Here are two objections to utilitarianism:
First, utilitarians can make no sense of regret. They claim that one should always maximise the balance of pleasure over pain. But that means that one never has competing reasons: for we only have one reason to begin with.
Second, utilitarians value people only as receptacles of value. They value people only as means of maximising the overall good.
Here is a theory that seems to me to avoid both objections:
(1) For each possible pleasure for each possible individual, you have reason to realise it. For each possible pain for each possible individual, you have reason to prevent it.
(2) Each reason's strength is correlated with the intensity of the pleasure or pain. When reasons conflict, resolve conflicts by prioritising overall weight.

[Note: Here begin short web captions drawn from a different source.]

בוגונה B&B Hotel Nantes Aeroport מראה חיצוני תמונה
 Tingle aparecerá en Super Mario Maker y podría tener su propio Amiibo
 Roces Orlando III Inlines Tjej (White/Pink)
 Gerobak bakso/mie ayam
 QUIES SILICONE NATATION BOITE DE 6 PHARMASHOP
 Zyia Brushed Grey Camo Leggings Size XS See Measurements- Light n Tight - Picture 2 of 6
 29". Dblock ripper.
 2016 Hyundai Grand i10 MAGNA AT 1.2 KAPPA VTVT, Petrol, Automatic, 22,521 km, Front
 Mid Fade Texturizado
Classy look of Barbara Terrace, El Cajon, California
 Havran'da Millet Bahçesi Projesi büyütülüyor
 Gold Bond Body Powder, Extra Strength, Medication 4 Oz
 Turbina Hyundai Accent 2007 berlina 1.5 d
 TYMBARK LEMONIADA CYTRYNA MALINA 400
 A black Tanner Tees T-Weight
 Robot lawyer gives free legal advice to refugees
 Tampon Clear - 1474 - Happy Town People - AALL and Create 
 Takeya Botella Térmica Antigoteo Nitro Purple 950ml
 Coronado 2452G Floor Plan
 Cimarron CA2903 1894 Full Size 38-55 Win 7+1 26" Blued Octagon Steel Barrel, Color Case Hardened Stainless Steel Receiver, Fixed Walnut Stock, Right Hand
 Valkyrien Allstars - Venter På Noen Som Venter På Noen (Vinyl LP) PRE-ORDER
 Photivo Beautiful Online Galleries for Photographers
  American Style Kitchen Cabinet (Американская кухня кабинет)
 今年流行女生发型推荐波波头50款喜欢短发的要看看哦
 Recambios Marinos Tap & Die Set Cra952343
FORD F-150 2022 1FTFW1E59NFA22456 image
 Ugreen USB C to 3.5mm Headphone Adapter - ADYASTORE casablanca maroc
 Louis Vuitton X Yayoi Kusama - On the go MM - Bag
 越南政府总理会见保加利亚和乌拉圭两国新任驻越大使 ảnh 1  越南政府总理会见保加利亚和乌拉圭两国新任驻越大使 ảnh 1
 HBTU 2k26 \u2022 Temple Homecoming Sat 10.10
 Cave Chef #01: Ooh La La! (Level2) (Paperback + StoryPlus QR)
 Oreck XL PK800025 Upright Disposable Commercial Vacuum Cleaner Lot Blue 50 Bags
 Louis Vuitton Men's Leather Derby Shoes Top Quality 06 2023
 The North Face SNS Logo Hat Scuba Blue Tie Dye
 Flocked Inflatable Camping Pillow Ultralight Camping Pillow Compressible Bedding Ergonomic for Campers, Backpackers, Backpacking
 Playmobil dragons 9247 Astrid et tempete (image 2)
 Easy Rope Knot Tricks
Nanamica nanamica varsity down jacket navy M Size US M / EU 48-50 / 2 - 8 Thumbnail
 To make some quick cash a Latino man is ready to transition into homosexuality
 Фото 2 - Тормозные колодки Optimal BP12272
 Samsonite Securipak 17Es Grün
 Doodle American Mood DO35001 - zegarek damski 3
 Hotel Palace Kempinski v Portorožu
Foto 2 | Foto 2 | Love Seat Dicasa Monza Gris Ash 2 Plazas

Regret is certainly possible now. For the original objection was that we had a theory that consisted of only one reason, and so reasons could never conflict. But this new theory certainly allows for conflict. (1) tells us that we have many reasons, and they will certainly conflict. Obviously, (2) tells us how to resolve conflicts, but that is not the same as saying that conflicts do not occur.
The value-receptacle claim also falls apart. (1) and (2) don't even mention the overall good, let alone treat individuals as means to it. I can't state that strongly enough: It seems to me that the value-receptacle criticism rests on a very crude understanding of what utilitarians say. The claims about overall goodness are not meant to be claims about some independent entity which individuals happen to have an effect on.
It may be the fault of some advocates of utilitarianism that these objections seem cogent in the first place. If utilitarianism is the theory that we only have reason to maximise the overall good, then these criticisms may succeed. And perhaps some utilitarians have phrased it this way. But I'm more charitably inclined to think that they describe it this way for brevity. The idea that there is some universal good to which we all contribute is possibly extensionally equivalent to, and is more succinct to state than, the two part theory I suggested above. That is probably why some describe utilitarianism in this manner. But I do not think that we should take this way of describing it too seriously.
But perhaps these criticisms can be made good, or I have said something silly. Comments, as always, are welcome.